Imagem perfeita do gênio

Imagem perfeita do gênio

Para além do fato consabido de pertencer ao cânone da cultura ocidental, para além do amálgama supreendente entre biografia e obra que sua existência produziu, Goethe (1749-1832) mobiliza um interesse peculiar para nós nos dias de hoje. Pois rever seu percurso intelectual responde a um duplo propósito, nem tão evidente quando se fala do escritor alemão, caricaturado pelo pathos romântico do Werther ou pelo rigor descritivo da soberba fáustica. Em primeiro lugar, Goethe era acima de tudo um polímata, no sentido forte do termo: dedicava-se, como sabemos, não apenas à literatura (em sua dimensão poética, romanesca, dramatúrgica ou de crítica) e às artes plásticas, mas versava com propriedade sobre temas que iam da anatomia à ótica, da botânica à zoologia, da mineralogia è meteorologia. Em um mundo que exorta continuamente o conhecimento à sua fragmentação instrumental, que reduz o saber à tarefa exclusiva de especialistas, e que estabelece por isso uma visão de mundo estreita e propensa ao dogmatismo, o projeto multifacetado da obra de Goethe pode parecer à primeira vista um exercício de diletantismo datado e atualmente insensato. Desvelar essa aparência e questionar o saber compartimentado, contudo, é justamente um dos propósitos que a leitura de Goethe hoje pode cumprir.

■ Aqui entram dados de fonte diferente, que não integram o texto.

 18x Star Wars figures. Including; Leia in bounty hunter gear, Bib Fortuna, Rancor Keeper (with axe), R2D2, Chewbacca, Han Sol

Em segundo lugar, a concepção de “literatura universal” desenvolvida por Goethe talvez possa fornecer as coordenadas fundamentais para a reflexão apurada sobre o multiculturalismo, tema cada vez mais urgente. Pois não se deseja essa globalização que tende a homogenizar culturas e esterilizar diferenças regionais a partir de um padrão ideologicamente hegemônico. Pelo contrário, o que se busca, como queria Goethe, é a intensificação das diferenças culturais pela circulação das idéias sem hierarquias, pela necessidade de um contato desarmado com outras tradições; um contato que afinal dinamiza o pensamento. Se isso não era tão óbvio na época de Goethe, é surpreendente que mesmo hoje não o seja.

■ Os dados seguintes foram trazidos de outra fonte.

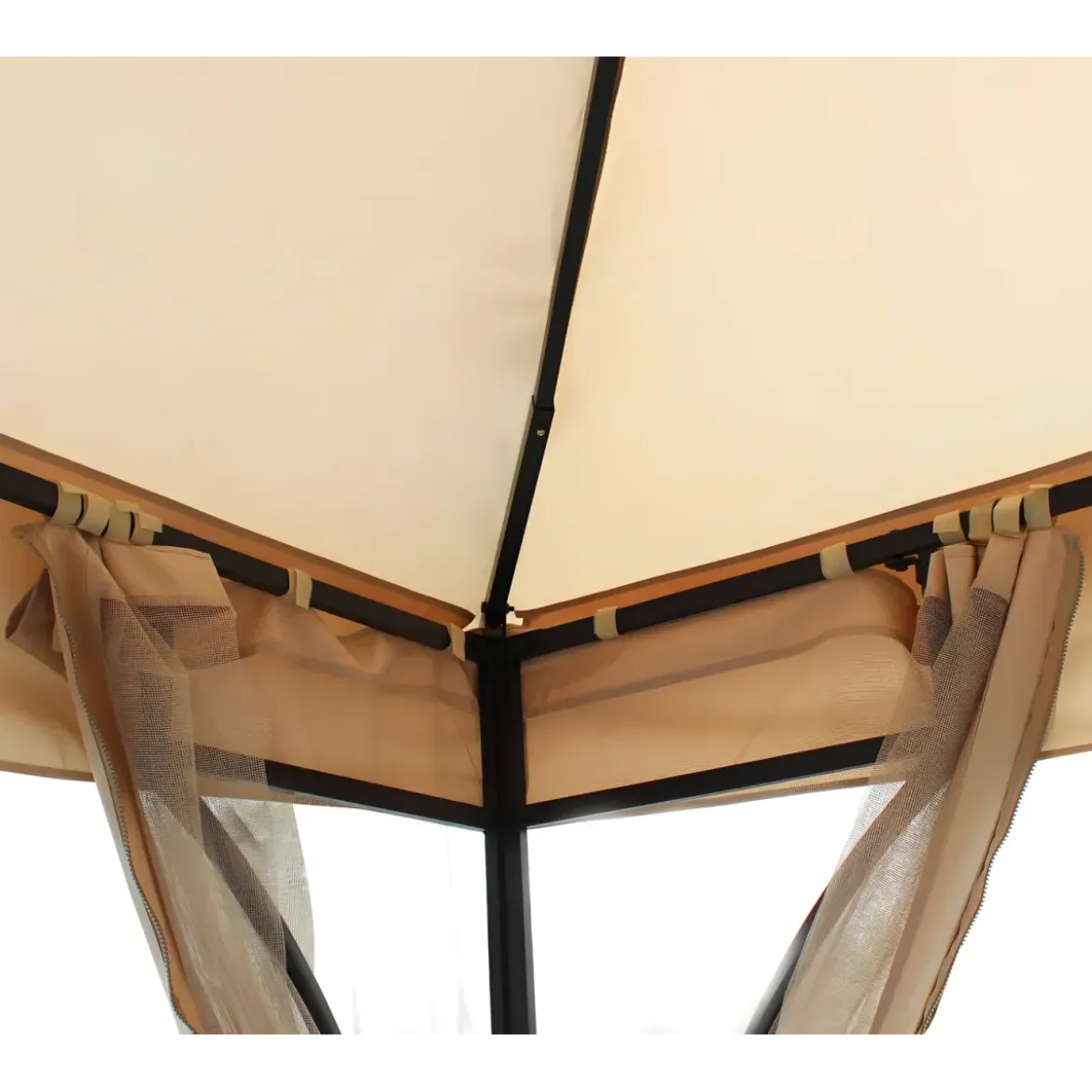 Gazebo da Giardino 3x3 m Struttura Acciaio Telo Ecrù Antivento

Por fim, lembremos que, ao longo dos 83 anos do poeta, o mundo germânico passou praticamente de seu estágio medieval para o início da modernidade técnica e industrial. Frederico II ainda era o rei da Prússia e Johann Sebastian Bach estava vivo, quando Goethe era jovem; ao morrer, Karl Marx era adolescente e Richard Wagner já tinha vinte anos. Durante a vida de Goethe, Hegel e Beethoven nasceram e morreram. Se, por um lado, o universalismo atemporal é umas das marcas inegáveis de sua obra (como afinal de todo grande clássico), por outro, ela representa o testemunho privilegiado de uma época marcada por profundas transformações. Seu interesse é, portanto, mais do que simplesmente histórico ou circunstancial; ele se amplifica, na verdade, em épocas de grandes mutações, como a nossa.

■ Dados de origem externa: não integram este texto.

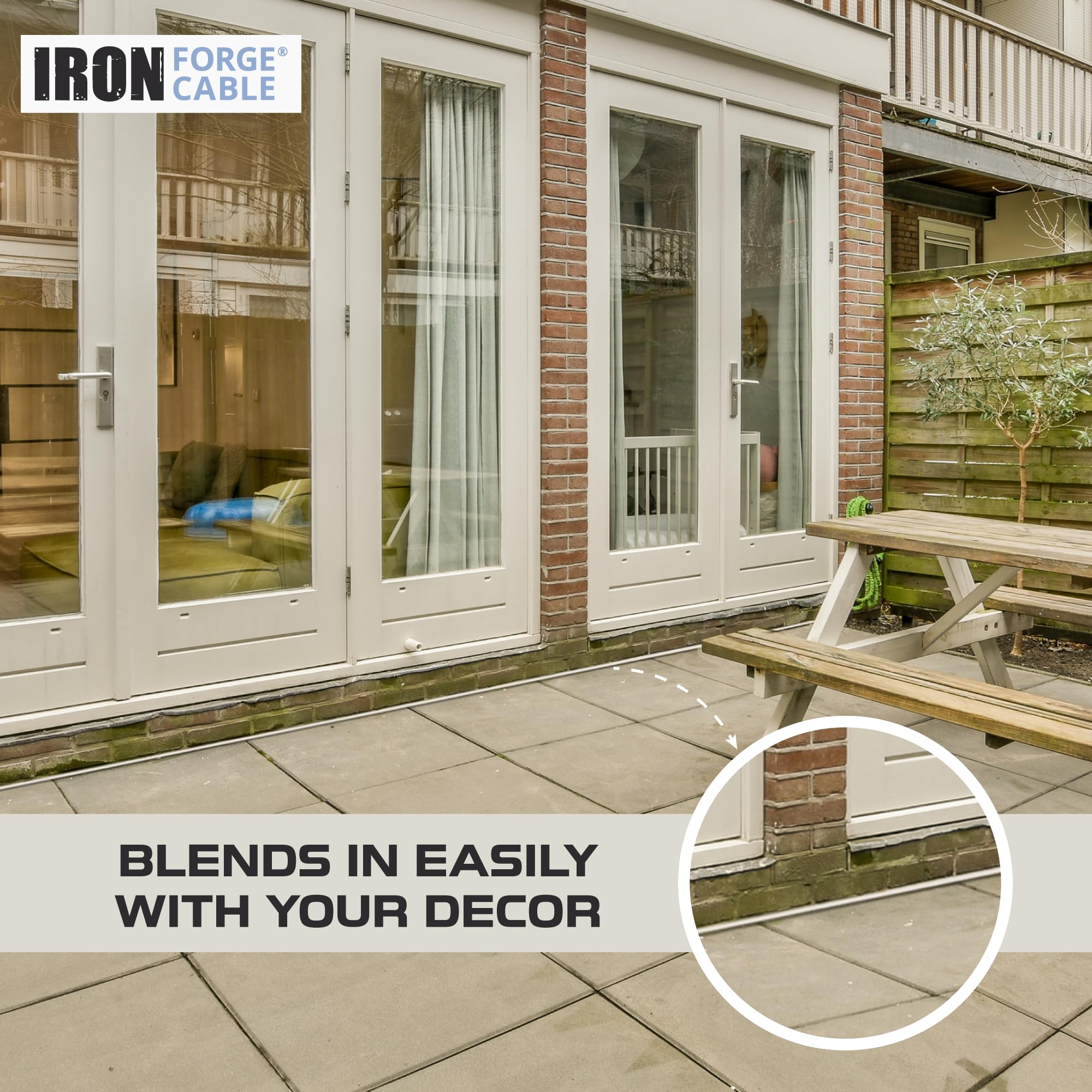 Iron Forge Cable 100 Ft Beige Outdoor Extension Cord   16/3 Sjtw 100Ft Extension Cord 3 Prong, 10 Amp All Weather Heavy Duty Pow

Dado o peso de sua herança na literatura ocidental, optamos neste dossiê pela análise da obra literária de Goethe. Assim, Izabela Kestler explica o conceito de literatura universal, apresentado por Goethe como programa estético de intercâmbio cultural para os escritores e poetas; Magali Moura fala sobre a polêmica em torno de Os sofrimentos do jovem Werther, ícone do movimento romântico que à época de sua publicação teria levado vários jovens ao suicídio; Wilma Patricia Mass examina a influência de Shakespeare sobre o pensador alemão; Eloá Heise expõe as origens do mito de Fausto e da estrutura da peça emblemática do autor; Marco Aurélio Werle apresenta, por fim, o trabalho de Goethe como crítico literário. Acreditamos, com isso, oferecer uma sólida introdução à obra daquele que foi, nas palavras de Walter Benjamin, “a imagem perfeita do gênio”.